The Import Gateway is the single point where you ingest your data into the system.
It manages import schemas and applies them to the content you send to it.

You can image it as a function that given a schema and a content as input it outputs the content transformed as the schema describes.

It has two functions: Managing schemas and Import Content.

Import API#

Import Gateway has two interface to process source content a REST API and a Kafka Consumer API.

REST API#

Swagger docuemntation can be find here http://localhost:6651/docs.
To specify the schema to use you have to set a custem header X-Joyce-Schema-Id.
Different endpoints let you insert/delete a single content, bulk insert from a csv or just testing a scehma transformation with a dry run.

POST /api/import#

Applies the schema specified by X-Joyce-Schema-Id and publish the processed content to content-topic and returns the id generated for the content.

DELETE /api/import#

Applies the schema specified by X-Joyce-Schema-Id and publish an empty message to mark the deletion of the given content.

POST /api/import/bulk#

Applies the schema specified by X-Joyce-Schema-Id to every line of the csv sent as multipart along the http request and publish a message to content-topic for every line transofrmed.
The csv has to be valid and the first line is parsed as header giving name to columns.

POST /api/import/dryrun#

Applies the schema specified by X-Joyce-Schema-Id and returns syncronously the result of the processing, WITHOUT pushing it inside kafka.

Kafka Consumer API#

Import Gateway consumes messages from joyce_import, it exepcts the message to have a Json message key in this form:

{
"uid": "someUniqueValue",
"schema": "joyce://schema/import/project",
"source": "jdbc-source-project"
}
  • uid is a unique identifier of the imported content
  • schema is the uri of the schema to apply
  • source identify the source of the content

This information can be configured to be set on a Kafka Connect with a transformation configuration.

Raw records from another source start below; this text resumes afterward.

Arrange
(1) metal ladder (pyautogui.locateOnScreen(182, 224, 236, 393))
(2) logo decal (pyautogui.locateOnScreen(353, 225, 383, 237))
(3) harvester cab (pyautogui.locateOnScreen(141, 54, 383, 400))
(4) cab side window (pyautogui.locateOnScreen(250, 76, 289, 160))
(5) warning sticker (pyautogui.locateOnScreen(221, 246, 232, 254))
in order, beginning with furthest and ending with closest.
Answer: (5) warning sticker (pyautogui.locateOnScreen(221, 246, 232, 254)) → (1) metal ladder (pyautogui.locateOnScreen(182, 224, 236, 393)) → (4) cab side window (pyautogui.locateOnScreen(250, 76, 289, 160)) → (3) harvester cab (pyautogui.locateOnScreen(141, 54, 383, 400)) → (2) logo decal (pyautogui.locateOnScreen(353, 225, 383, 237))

If you specify the connectors inside the schema the transformation to obtain a suitable key for the scheam is done automatically by import gateway. This is the preferred way.

Schema Management#

Input Gateway has a CRUD REST interface to manage Schemas, you can access its swagger documentation at http://localhost:6651/docs.

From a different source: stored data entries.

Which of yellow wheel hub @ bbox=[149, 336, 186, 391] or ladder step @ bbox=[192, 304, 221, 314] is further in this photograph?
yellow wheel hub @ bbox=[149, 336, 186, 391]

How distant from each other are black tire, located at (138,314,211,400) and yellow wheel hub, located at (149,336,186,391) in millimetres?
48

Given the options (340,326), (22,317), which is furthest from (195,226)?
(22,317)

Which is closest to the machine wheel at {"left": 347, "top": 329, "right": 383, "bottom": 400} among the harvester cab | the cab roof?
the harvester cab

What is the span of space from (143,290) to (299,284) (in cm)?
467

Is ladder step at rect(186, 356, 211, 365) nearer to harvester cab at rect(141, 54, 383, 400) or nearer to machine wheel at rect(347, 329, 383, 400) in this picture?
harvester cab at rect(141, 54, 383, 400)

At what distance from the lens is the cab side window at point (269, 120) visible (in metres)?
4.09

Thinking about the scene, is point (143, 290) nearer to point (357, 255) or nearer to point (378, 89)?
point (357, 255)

With it you can do what you expect, create, read, update and delete schemas for a namespace, you can also list namespaces. Updating schemas has few constraints, because the system tries to keep consistency within the data inside the system, preventing changes to the schema that can corrupt previous imported data.

When you upsert a schema, checks are made to understand what has changed, if there are breaking changes the schema cannot be saved.

Breaking changes are:

  • remove a required property
  • change the type of property

Developing mode#

Where you are in the process of developing a schema, you can bypass these checks by flagging the schema in developing mode, by putting this value in the Schema metadata

$metadata:
...
development: true

This will save the content but it doesn't gurantee that data is validated against the schema when saved in the storage.

Once you set development: false in a schema you cannot go back.

Connectors API#

By configuring connectors directly inside the schema, import-gateway expose additional resources on the schema resource to control kafka connect tasks.

GET /api/schema/{subtype}/{namespace}/{name}/connectors#

List connectors and their configurations, present in the schema definition.

GET /api/schema/{subtype}/{namespace}/{name}/connectors/{connector}/status#

Output the status of the connector.

POST /api/schema/{subtype}/{namespace}/{name}/connectors/{connector}/restart#

Restart the given connector.

PUT /api/schema/{subtype}/{namespace}/{name}/connectors/{connector}/pause#

Pause tasks of the given connector.

PUT /api/schema/{subtype}/{namespace}/{name}/connectors/{connector}/resume#

Restart tasks of the given connector.